Task description:
Your reply should consist of the listing, copied exactly.
[Opening Supplied records section]
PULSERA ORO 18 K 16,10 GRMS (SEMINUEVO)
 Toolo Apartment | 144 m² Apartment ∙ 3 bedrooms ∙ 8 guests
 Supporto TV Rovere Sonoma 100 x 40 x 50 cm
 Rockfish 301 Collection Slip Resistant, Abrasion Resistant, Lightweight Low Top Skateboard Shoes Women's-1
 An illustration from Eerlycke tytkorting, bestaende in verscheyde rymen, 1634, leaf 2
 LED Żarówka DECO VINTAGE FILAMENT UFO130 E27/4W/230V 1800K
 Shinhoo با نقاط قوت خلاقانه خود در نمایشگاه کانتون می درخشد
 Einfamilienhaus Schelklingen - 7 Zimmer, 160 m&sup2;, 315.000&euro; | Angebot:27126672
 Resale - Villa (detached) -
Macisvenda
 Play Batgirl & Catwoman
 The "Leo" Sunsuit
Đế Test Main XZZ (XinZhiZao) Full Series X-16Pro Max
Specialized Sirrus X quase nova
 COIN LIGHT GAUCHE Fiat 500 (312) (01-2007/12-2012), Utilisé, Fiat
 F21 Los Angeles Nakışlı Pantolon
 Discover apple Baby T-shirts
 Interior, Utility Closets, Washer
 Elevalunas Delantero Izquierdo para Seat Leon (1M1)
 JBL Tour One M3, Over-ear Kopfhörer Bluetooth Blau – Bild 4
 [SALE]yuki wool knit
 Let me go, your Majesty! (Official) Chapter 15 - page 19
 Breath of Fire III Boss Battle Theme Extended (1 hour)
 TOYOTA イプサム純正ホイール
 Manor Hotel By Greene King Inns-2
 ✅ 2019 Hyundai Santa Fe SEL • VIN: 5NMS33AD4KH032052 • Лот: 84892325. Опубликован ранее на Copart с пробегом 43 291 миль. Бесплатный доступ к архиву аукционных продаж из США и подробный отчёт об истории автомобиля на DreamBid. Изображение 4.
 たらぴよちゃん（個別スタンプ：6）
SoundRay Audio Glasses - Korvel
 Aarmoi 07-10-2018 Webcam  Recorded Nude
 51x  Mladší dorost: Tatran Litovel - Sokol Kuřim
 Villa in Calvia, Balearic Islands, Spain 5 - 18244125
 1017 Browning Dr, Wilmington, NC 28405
[Closing Supplied records section]
Answer:
PULSERA ORO 18 K 16,10 GRMS (SEMINUEVO)
 Toolo Apartment | 144 m² Apartment ∙ 3 bedrooms ∙ 8 guests
 Supporto TV Rovere Sonoma 100 x 40 x 50 cm
 Rockfish 301 Collection Slip Resistant, Abrasion Resistant, Lightweight Low Top Skateboard Shoes Women's-1
 An illustration from Eerlycke tytkorting, bestaende in verscheyde rymen, 1634, leaf 2
 LED Żarówka DECO VINTAGE FILAMENT UFO130 E27/4W/230V 1800K
 Shinhoo با نقاط قوت خلاقانه خود در نمایشگاه کانتون می درخشد
 Einfamilienhaus Schelklingen - 7 Zimmer, 160 m&sup2;, 315.000&euro; | Angebot:27126672
 Resale - Villa (detached) -
Macisvenda
 Play Batgirl & Catwoman
 The "Leo" Sunsuit
Đế Test Main XZZ (XinZhiZao) Full Series X-16Pro Max
Specialized Sirrus X quase nova
 COIN LIGHT GAUCHE Fiat 500 (312) (01-2007/12-2012), Utilisé, Fiat
 F21 Los Angeles Nakışlı Pantolon
 Discover apple Baby T-shirts
 Interior, Utility Closets, Washer
 Elevalunas Delantero Izquierdo para Seat Leon (1M1)
 JBL Tour One M3, Over-ear Kopfhörer Bluetooth Blau – Bild 4
 [SALE]yuki wool knit
 Let me go, your Majesty! (Official) Chapter 15 - page 19
 Breath of Fire III Boss Battle Theme Extended (1 hour)
 TOYOTA イプサム純正ホイール
 Manor Hotel By Greene King Inns-2
 ✅ 2019 Hyundai Santa Fe SEL • VIN: 5NMS33AD4KH032052 • Лот: 84892325. Опубликован ранее на Copart с пробегом 43 291 миль. Бесплатный доступ к архиву аукционных продаж из США и подробный отчёт об истории автомобиля на DreamBid. Изображение 4.
 たらぴよちゃん（個別スタンプ：6）
SoundRay Audio Glasses - Korvel
 Aarmoi 07-10-2018 Webcam  Recorded Nude
 51x  Mladší dorost: Tatran Litovel - Sokol Kuřim
 Villa in Calvia, Balearic Islands, Spain 5 - 18244125
 1017 Browning Dr, Wilmington, NC 28405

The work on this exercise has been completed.